• [Your task]: With the pictures left aside, write out the entries that follow exactly.

• [Dataset content]:
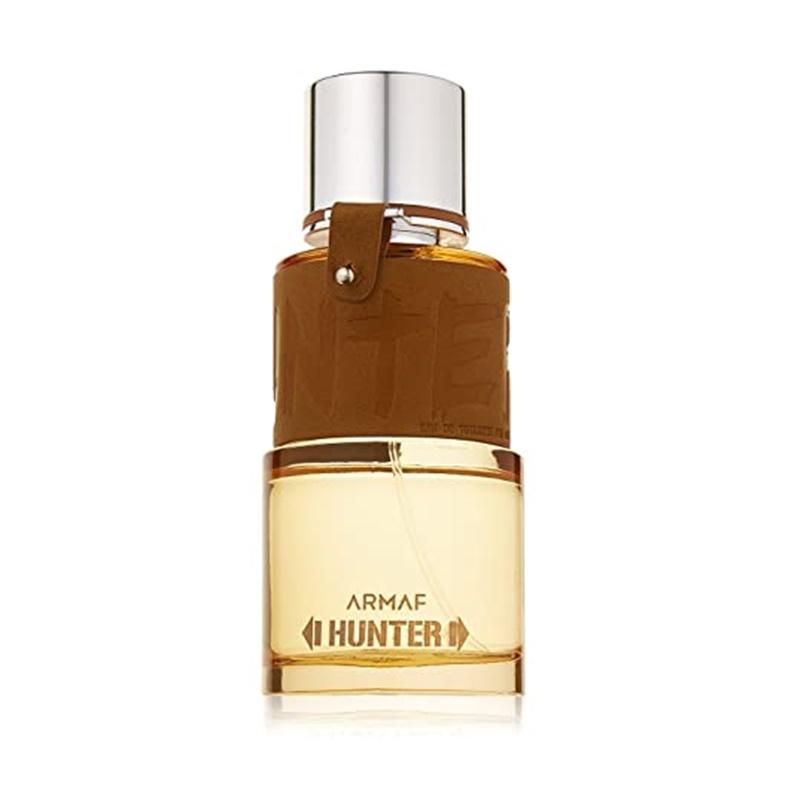 Armaf Hunter for Men Edt 100ml Hombre- Inspirado en Eau de Lacoste L.12.12. White Lacoste Fragrances
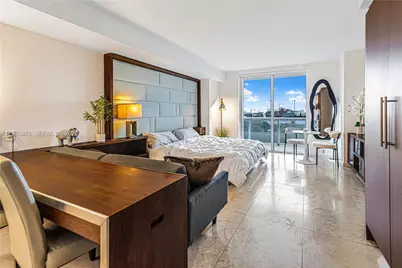 50 Biscayne Blvd #907, Miami, FL 33132 - Photo 8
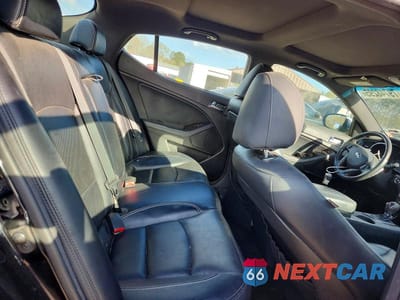 Zdjęcie 10 z 13 samochodu: 2013 KIA OPTIMA SX VIN:5XXGR4A65DG138605 - miniatura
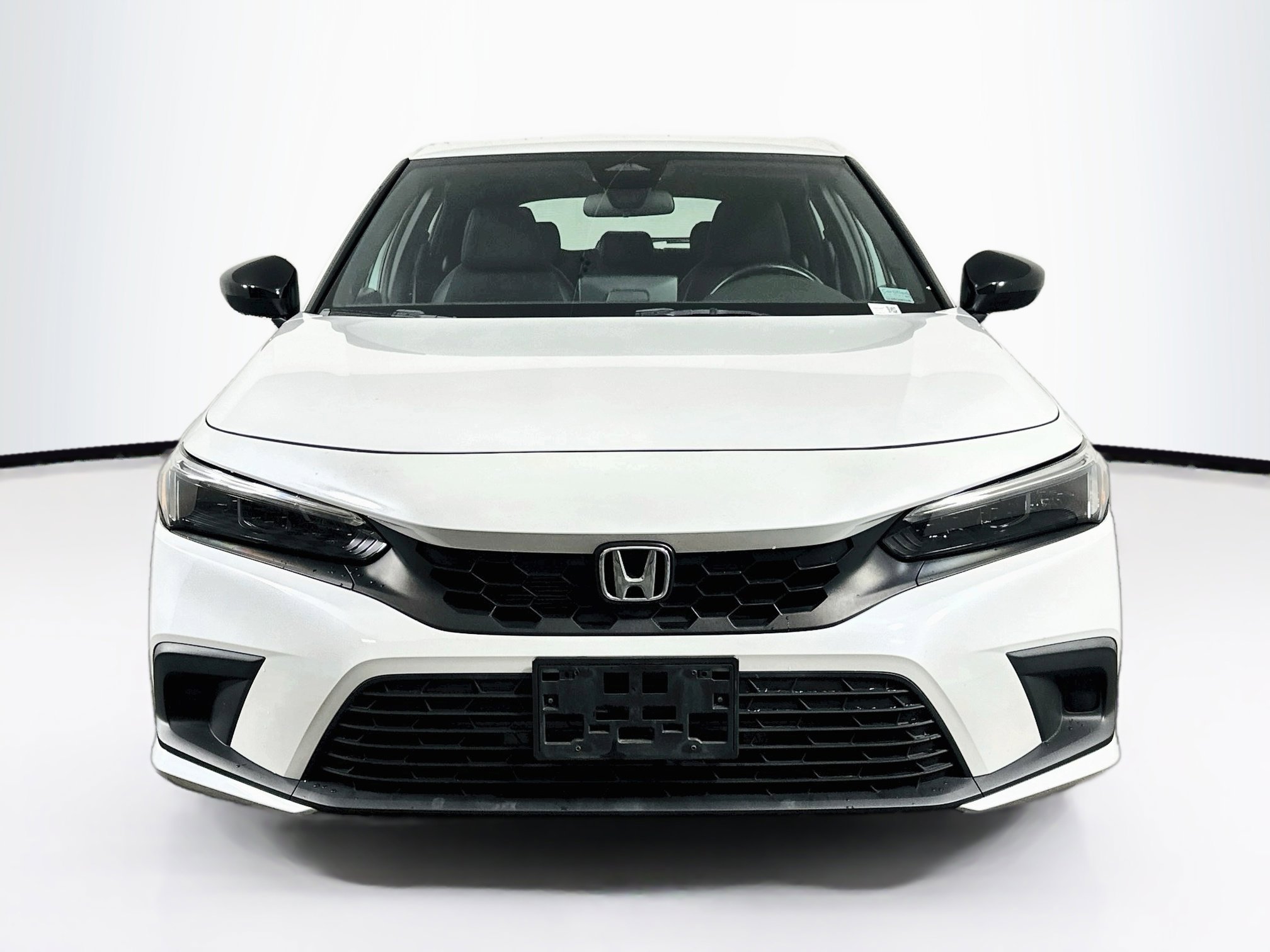 Used 2023 Honda Civic Sport image 2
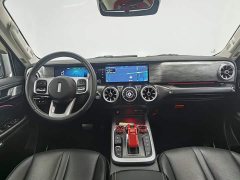 Tank 300 Off-Road Edition 2.0T - ფოტო 5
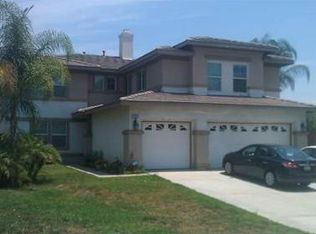 10396 Whitecrown Cir, Corona, CA 92883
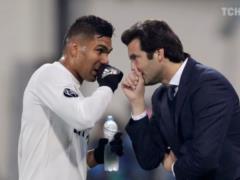 Solari will train “Real” at least until the end of the year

• [Result of the task]:
 Armaf Hunter for Men Edt 100ml Hombre- Inspirado en Eau de Lacoste L.12.12. White Lacoste Fragrances
 50 Biscayne Blvd #907, Miami, FL 33132 - Photo 8
 Zdjęcie 10 z 13 samochodu: 2013 KIA OPTIMA SX VIN:5XXGR4A65DG138605 - miniatura
 Used 2023 Honda Civic Sport image 2
 Tank 300 Off-Road Edition 2.0T - ფოტო 5
 10396 Whitecrown Cir, Corona, CA 92883
 Solari will train “Real” at least until the end of the year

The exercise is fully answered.